Le recenti dichiarazioni del pentito casalese Carmine Schiavone, ha messo in evidenza l'esistenza di un incrocio perverso di mafiosi, massoni targati P2, imprenditori senza scrupoli del nord Italia ed europei che avrebbero destinato il sud della provincia di Latina a discarica clandestina di rifiuti altamente pericolosi. Una situazione che deve essere affrontata con il massimo della determinazione, sostenendo le forze dell'ordine, la e tutti coloro che sono impegnati sul fronte della legalità e delle lotte antimafia. Il pentito afferma che «i rifiuti tossici portati dalla camorra dei Casalesi hanno inquinato anche il ventre di Latina, avvelenando pure il Basso Lazio. Io non ero d'accordo coi miei del clan, rovinavano la vita dei nostri figli. E mi sono pentito». Il carico tossico di rifiuti, sempre secondo Schiavone, sarebbe giunto « dalle società del Nord, ma anche da Svizzera, Francia e Germania. Nei primi del '90 seppi che i miei uomini e mio cugino Sandokan si erano buttati in questo affare sciagurato, sia in Campania, a Casal di Principe, che in altre zone, per esempio il Basso Lazio. Come teste di ponte dei loro traffici usavano le famiglie Nuvoletta, i Mallardo, mentre gli intermediari delle ditte erano teste di legno e soprattutto un esponente della massoneria targata P2 ». Si tratta di notizie già note ai magistrati, alla Commissione parlamentare antimafia e alla Scuola superiore di polizia. Ancora Schiavone ricorda che in seguito ad un sopralluogo nei luoghi dove sarebbero stati interrati i rifiuti, effettuato anche con i tecnici dell'Enea per verificare la radioattività, furono tutti costretti a fuggire considerando che gli strumenti per la rilevazione dei livelli di inquinamento erano letteralmente impazziti.

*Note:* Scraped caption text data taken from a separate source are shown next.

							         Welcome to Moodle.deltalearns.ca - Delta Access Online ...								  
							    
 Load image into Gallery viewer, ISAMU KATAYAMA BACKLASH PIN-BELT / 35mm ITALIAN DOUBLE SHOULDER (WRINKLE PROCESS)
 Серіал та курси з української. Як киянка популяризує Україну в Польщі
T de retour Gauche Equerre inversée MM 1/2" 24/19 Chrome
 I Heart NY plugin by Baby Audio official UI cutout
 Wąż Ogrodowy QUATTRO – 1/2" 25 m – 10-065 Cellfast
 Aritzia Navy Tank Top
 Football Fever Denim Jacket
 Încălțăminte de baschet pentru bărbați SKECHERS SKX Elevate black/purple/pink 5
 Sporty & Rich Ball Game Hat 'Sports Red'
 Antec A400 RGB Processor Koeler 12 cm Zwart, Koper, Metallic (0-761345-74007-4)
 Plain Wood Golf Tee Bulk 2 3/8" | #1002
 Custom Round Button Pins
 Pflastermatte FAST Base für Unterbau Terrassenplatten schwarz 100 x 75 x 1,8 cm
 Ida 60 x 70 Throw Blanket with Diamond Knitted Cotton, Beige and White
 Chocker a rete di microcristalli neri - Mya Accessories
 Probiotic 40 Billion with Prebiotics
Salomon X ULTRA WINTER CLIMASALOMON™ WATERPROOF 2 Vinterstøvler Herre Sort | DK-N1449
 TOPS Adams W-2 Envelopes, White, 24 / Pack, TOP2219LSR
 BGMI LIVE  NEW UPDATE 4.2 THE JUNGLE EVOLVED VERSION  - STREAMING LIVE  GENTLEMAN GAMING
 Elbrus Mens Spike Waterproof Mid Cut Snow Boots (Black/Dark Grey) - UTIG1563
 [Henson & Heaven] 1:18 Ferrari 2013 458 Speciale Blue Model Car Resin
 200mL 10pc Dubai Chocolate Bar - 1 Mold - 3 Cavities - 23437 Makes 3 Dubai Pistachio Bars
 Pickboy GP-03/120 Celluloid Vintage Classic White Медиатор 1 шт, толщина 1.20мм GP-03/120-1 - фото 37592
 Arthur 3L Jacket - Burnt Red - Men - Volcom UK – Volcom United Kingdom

Ricordiamo che già don Cesare Boschin denunciò il traffico illegale di rifiuti che interessava la discarica di borgo Montello(Latina) e per questo pagò con la vita il suo coraggio di uomo libero. Su questa vicenda, con Libera, da anni chiediamo la riapertura delle indagini. Un business delle ecomafie è particolarmente lucrativo e compromette gli equilibri ecologi del territorio, avvelenando il tessuto sociale ed economico con complicità che devono essere smascherate. Un crimine di queste dimensioni e gravità non può essere stato realizzato nella piena clandestinità. Si indaghi anche quindi
sulle complicità eventuali di amministratori pubblici, funzionari e pubblici ufficiali compiacenti e si sostengano senza tentennamenti le forze dell'ordine e la Magistratura.